How EyeWire uses SBFSEM

The images you see on EyeWire come to us from our collaborators Kevin Briggman, Moritz Helmstaedter, and Winfried Denk at the Max Planck Institute in Germany.

The tissue sample is first sliced using a vibratome; the resulting block of tissue is then stained with heavy metals (Osmium, Lead, and Uranium), and then embedded in an epoxy resin (plastic). This plastic "block" is then placed into a microtome, where it is sliced into ultrathin slices of approximately 70 microns. As each slice is produced it falls into a small basin of water, and is then picked up, sequentially, on a strip of tape. The tape looks much like a film strip, with each slice lined up one after the other.

The strip of tape is cut into shorter strips, and these are in turn mounted on "wafers." The wafers are then imaged using scanning electron microscopy (SEM). The SEM produces images by scanning with a focused beam of electrons. The electrons interact with the heavy metals we stained our sample with. This produces various signals that contain information about the sample’s surface composition. The SEM produces a huge number of 2D images (it images each slice individually); these 2D images are then stacked on top of one another to form a high resolution 3D representation of the original tissue sample.

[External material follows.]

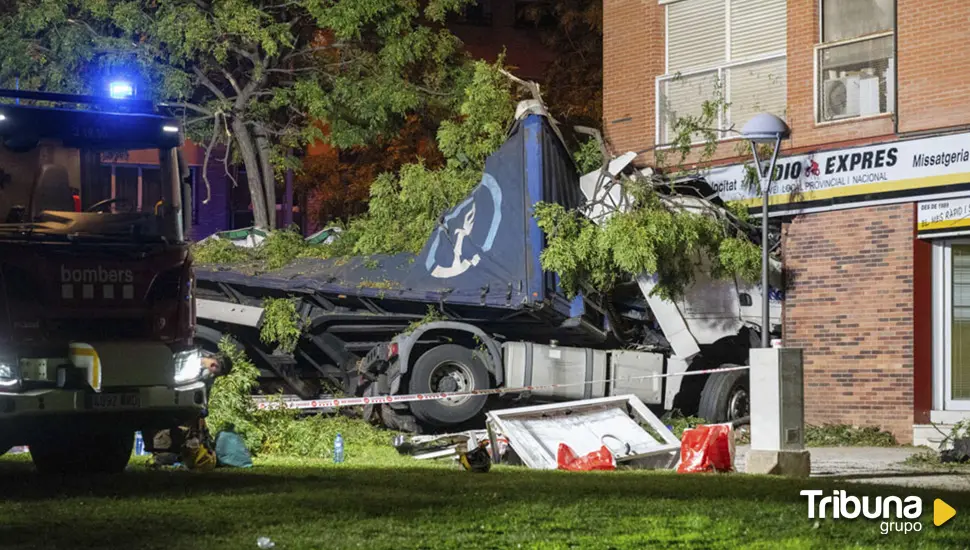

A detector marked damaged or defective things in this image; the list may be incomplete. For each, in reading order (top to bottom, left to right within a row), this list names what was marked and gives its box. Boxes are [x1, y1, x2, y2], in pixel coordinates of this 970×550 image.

Think of the the stack of 2D images like a flip book.The way flip books work is that from one page to another there is a small change in the drawing, and several small changes in a row create the action in the flip book. The 2D image you see in EyeWire is like one single page from a flip book. The 2D is static, but when you scroll through the slices you can see the change from one slice of retina (or page of a flip book) to another. The idea is that if you follow the shape of one neuron from one 2D slice to the next, coloring each piece as you go, you can eventually discern the shape of the neuron in the 3D. Each piece you color in the 2D builds upon the previous one. It's like stacking blocks, each layer of blocks is flat, but as you continue stacking the blocks on top of each other you eventually get a 3D shape.